### Required action
Would you transcribe the entries below, beginning at the line with "Welcome back to" and ending after the line with "So this is a", exactly, with no picture and nothing more?

● ● ● ● ● ● ●

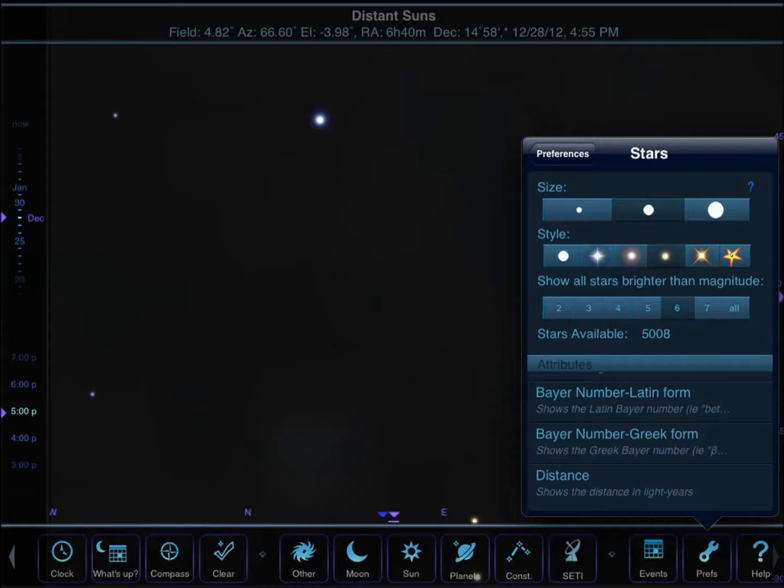The app covers, as I mentioned, over 300,000 stars. It also has all the constellations and all galaxies, star clusters. It also has Hubble images for you to use.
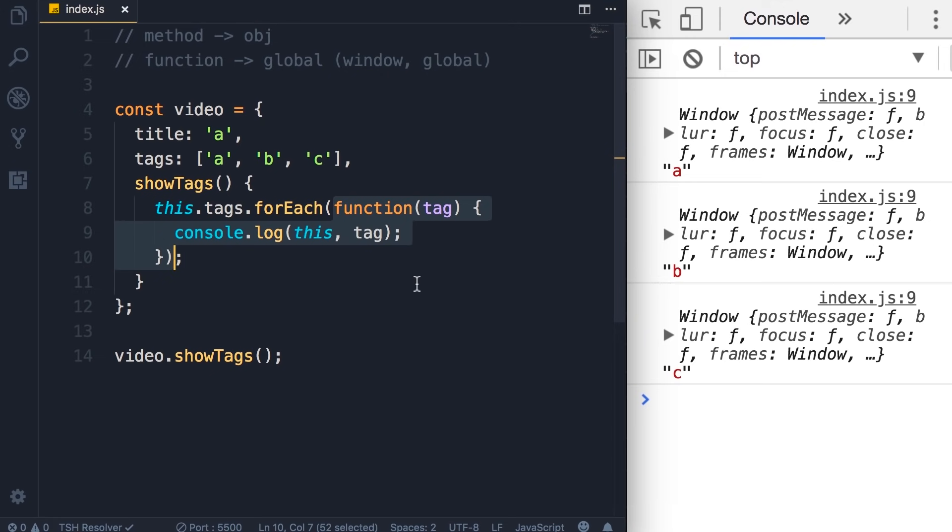Well, we have a few different solutions for this. In this particular case, the forEach method has two parameters.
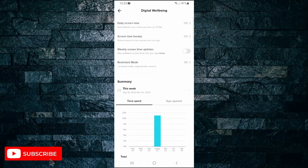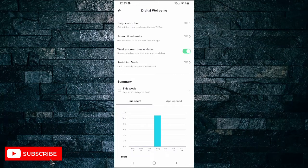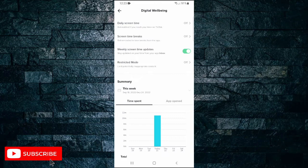Now, tap the switch labeled weekly screen time updates. This will allow TikTok to send you a message to your inbox once a week with a summary of how much time you spent on the app that week.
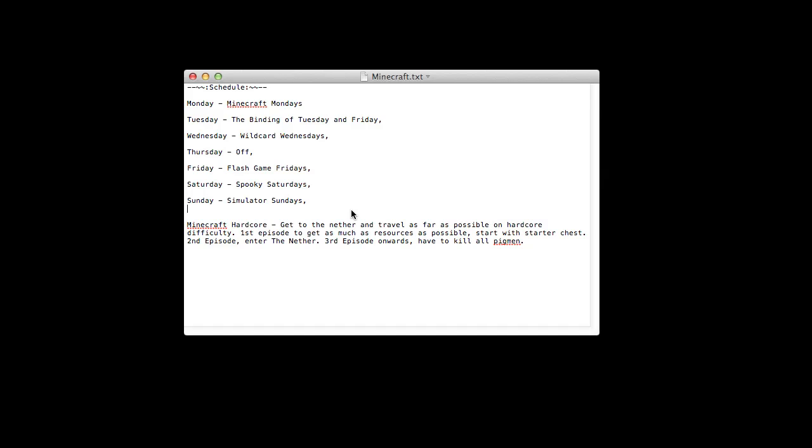That's a thing - I've not recorded a Binding of Isaac video in a long time, holy shit. I might do that now, yeah, just after this recording I might record one of them.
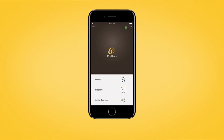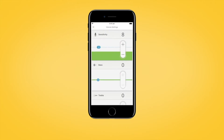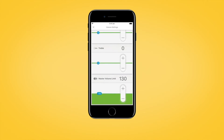To see these options, tap volume to open the volume control panel, then tap more to open volume settings. You can change the sensitivity, bass, treble, and master volume limit levels by tapping the plus or minus buttons.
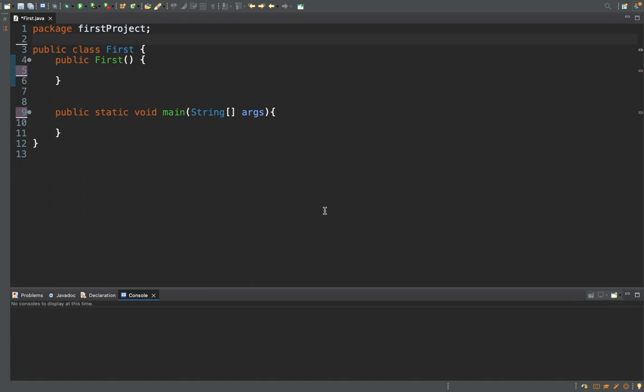There are several methods in the Scanner class which you can use in order to retrieve information from the user in the form of integer, double, string, boolean, long, short, or byte.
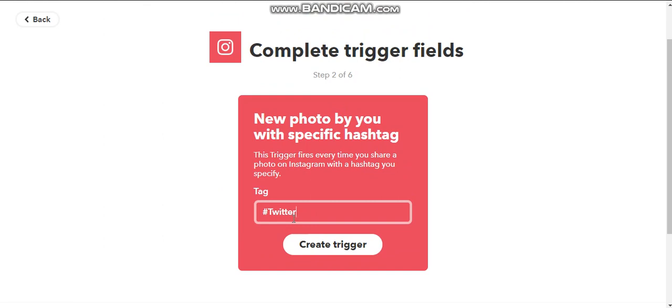You could also use the name of your Pinterest board. You could also send it to multiple Pinterest boards. But if you want to send it to multiple Twitter accounts, you'll actually need different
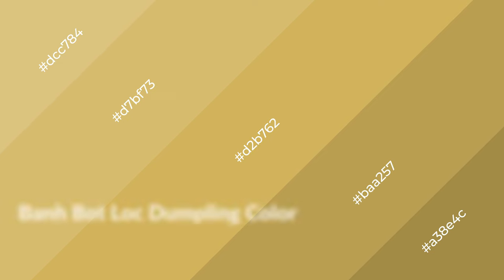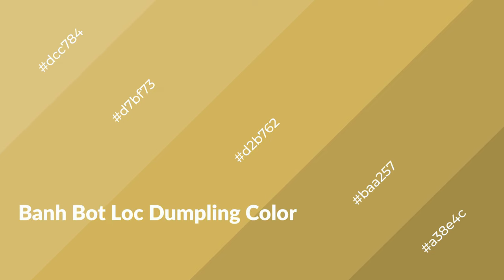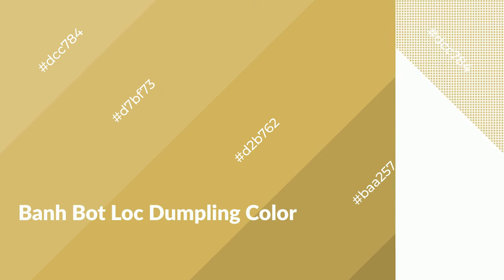layers, and shades create depth and drama. Banh Bot Loc Dumpling is a warm color and it emits cozier and active emotion.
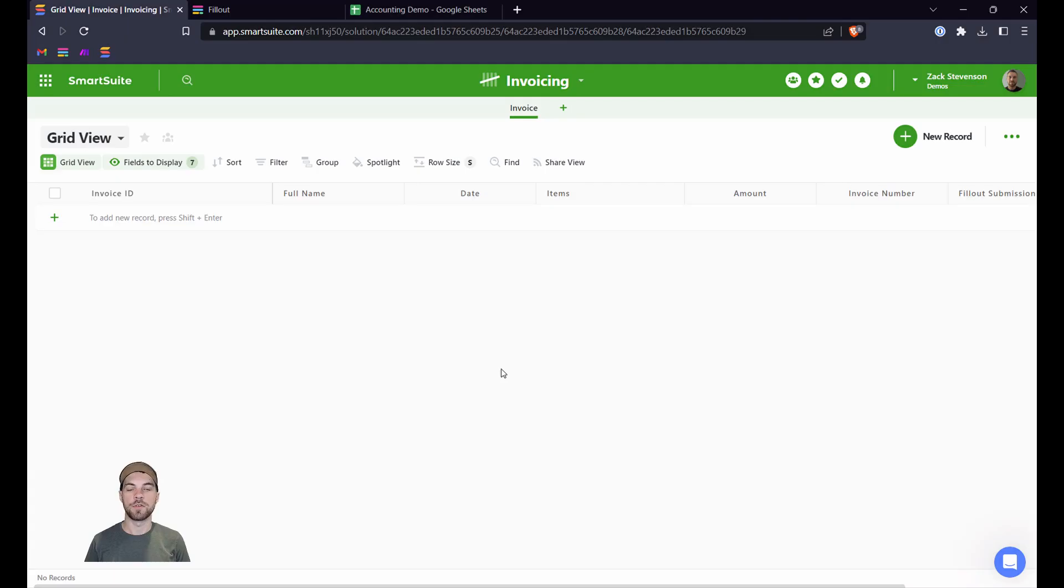Welcome back to our channel. If you're new here, my name is Zach Stevenson. I am a business processes and no-code consultant. If you have questions about streamlining your processes, send me a message or book a free consult using the link in the description below.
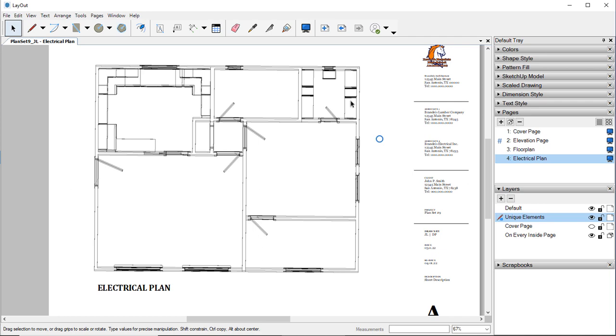We'll make it, select that. I'm going to do Ctrl+C and then Ctrl+V. Make a copy of it.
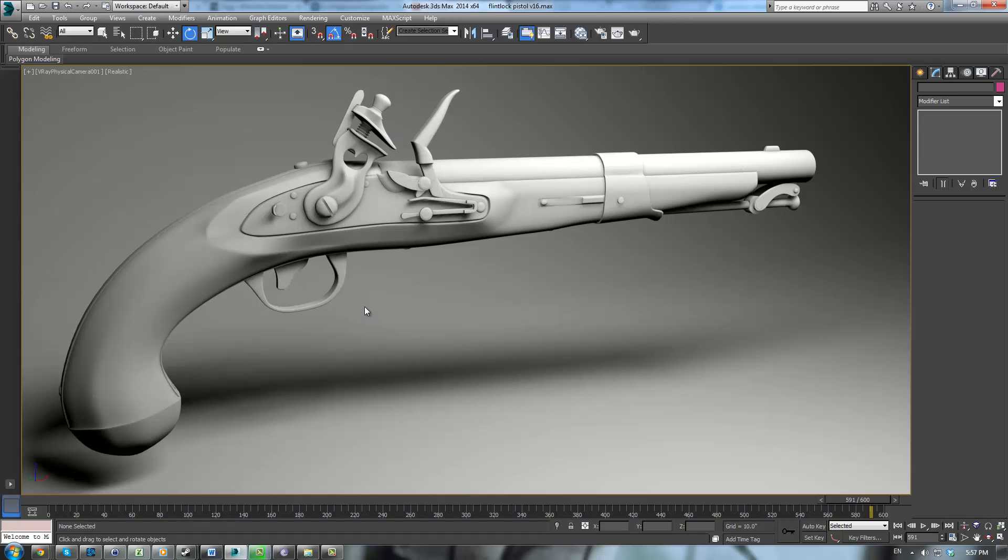I'm using Autodesk 3ds Max 2014 64-bit. However, with the techniques I show here you can do this in just about any version of Max all the way back up until 3ds Max 9 or something. So don't worry.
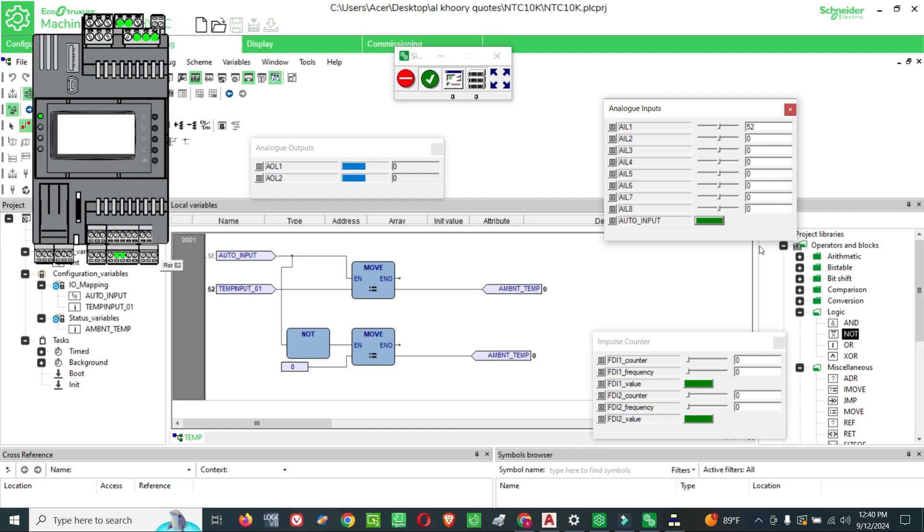So this is a very easy way. This is one of the important logics you can use in your PLC project. I hope you got an idea and understood it. If you have any doubt, please write in the comments, I will reply.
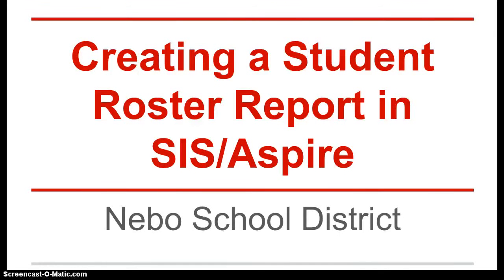This is a demonstration on how to create a student roster report in SIS or ASPIRE for teachers of Nebo School District.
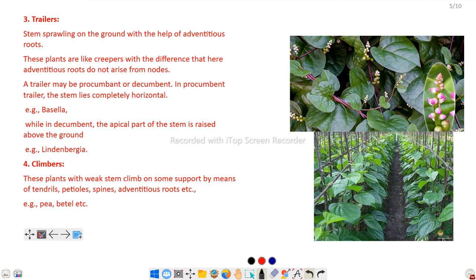Trailers may be procumbent or decumbent. In procumbent trailers, the stem lies completely horizontal. The stem can also grow horizontally and vertically, but in the case of procumbent, the stem lies completely horizontally. For example, Bacopa (bacilla alba).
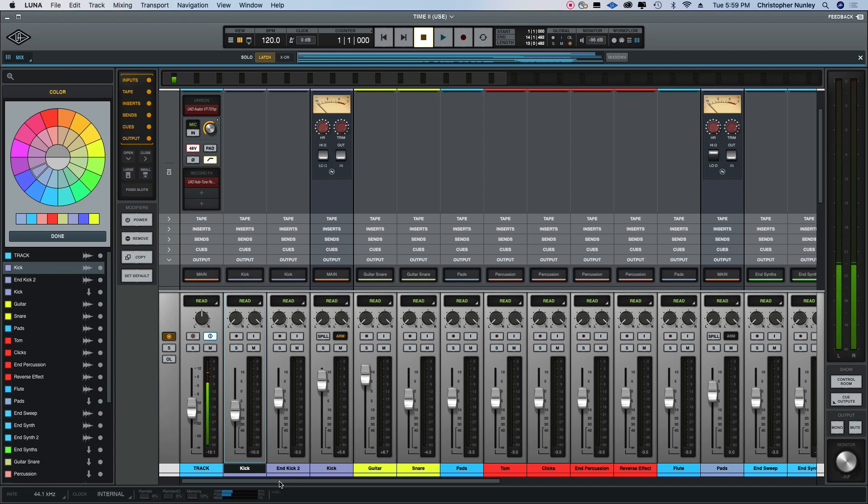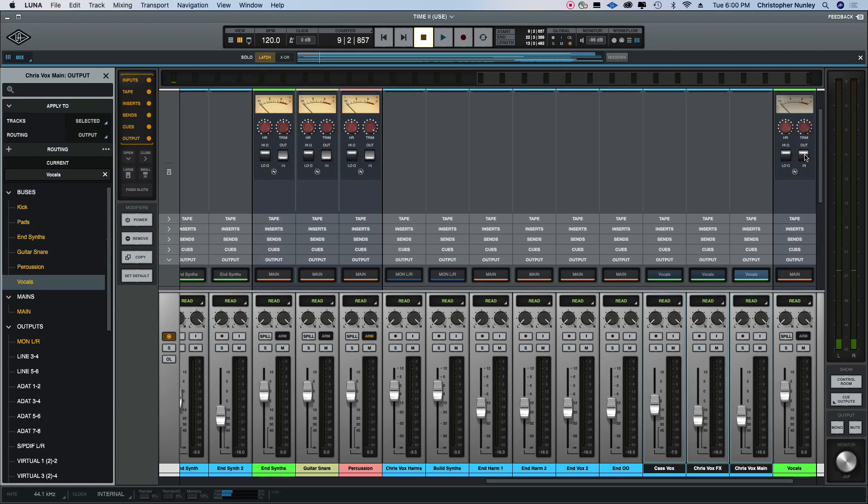I'll do some of the vocals here. I'll play without summing and then turn the summing on.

● ● ● ● ● ● ●

### Output of the exercise
Welcome back to our channel. If you're new here, my name is Zach Stevenson. I am a business processes and no-code consultant. If you have questions about streamlining your processes, send me a message or book a free consult using the link in the description below.
We'll make it, select that. I'm going to do Ctrl+C and then Ctrl+V. Make a copy of it.
I'm using Autodesk 3ds Max 2014 64-bit. However, with the techniques I show here you can do this in just about any version of Max all the way back up until 3ds Max 9 or something. So don't worry.
So this is a very easy way. This is one of the important logics you can use in your PLC project. I hope you got an idea and understood it. If you have any doubt, please write in the comments, I will reply.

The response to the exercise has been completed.